'''

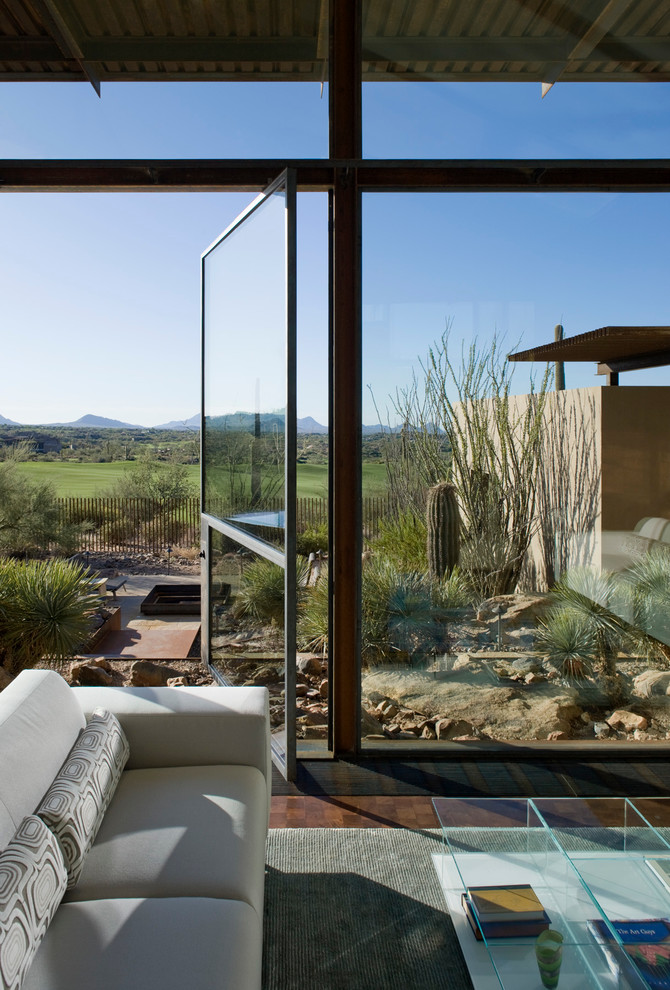 This is an example of a southwestern drought-tolerant backyard landscaping in Austin.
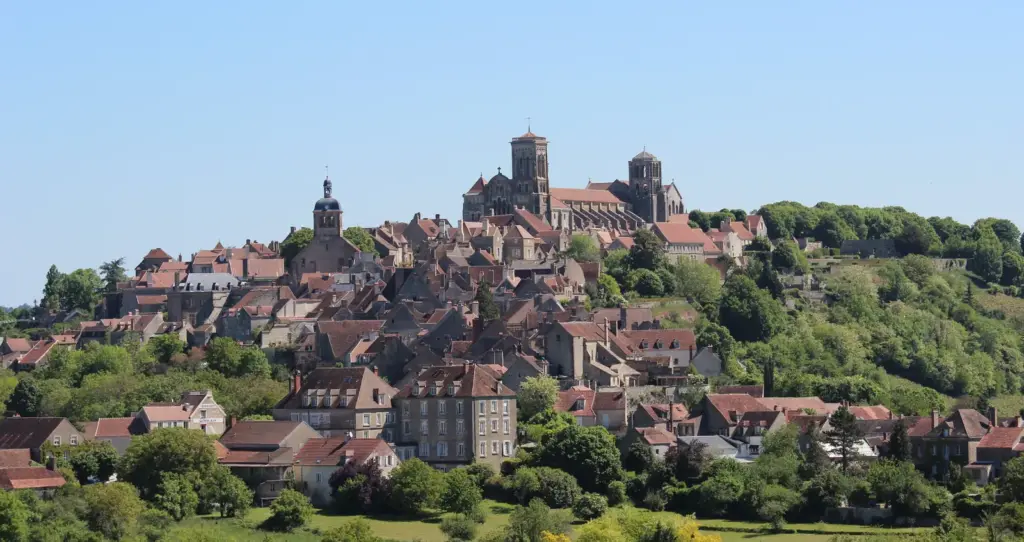 Vézelay zarándokváros apátság
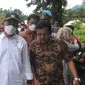 Menteri PMK, Muhadjir Effendy ketika berkunjung ke lokasi terdampak gempa Pasaman Barat, Kamis (3/3/2022). (Liputan6.com/ Novia Harlina).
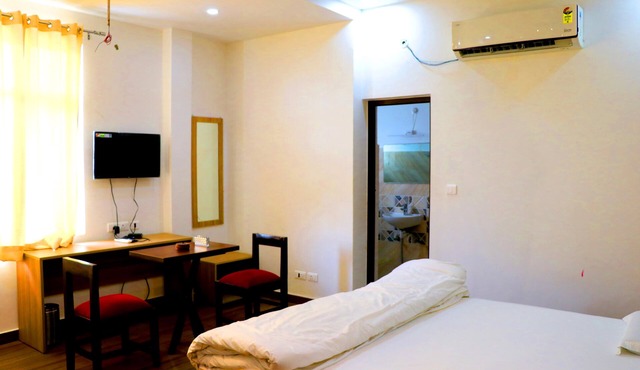 Surya Hotel in Balrampur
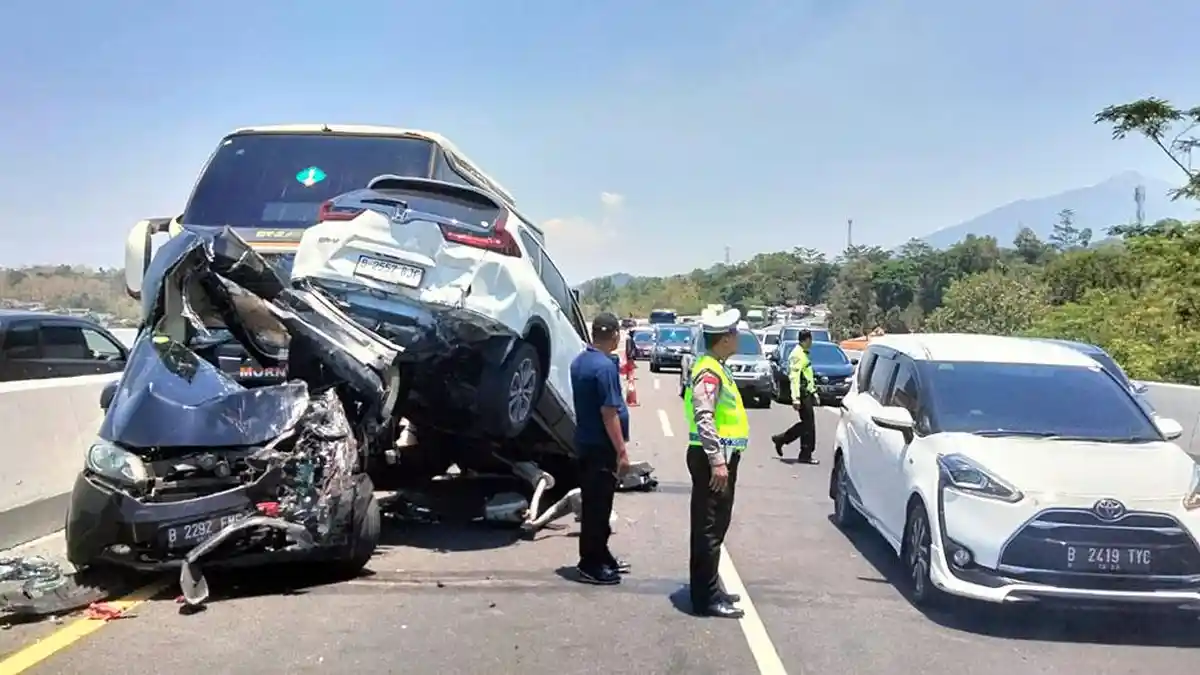 Kronologi Lengkap Kecelakaan Beruntun Bus Murni Jaya Tabrak 5 Kendaraan Lain di Tol Ungaran-Semarang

'''

**Assignment:** The lines to copy run from the line containing "Menteri PMK, Muhadjir" through the end of the data above; copy exactly those, minus the pictures.

**Solution for this problem:**
 Menteri PMK, Muhadjir Effendy ketika berkunjung ke lokasi terdampak gempa Pasaman Barat, Kamis (3/3/2022). (Liputan6.com/ Novia Harlina).
 Surya Hotel in Balrampur
 Kronologi Lengkap Kecelakaan Beruntun Bus Murni Jaya Tabrak 5 Kendaraan Lain di Tol Ungaran-Semarang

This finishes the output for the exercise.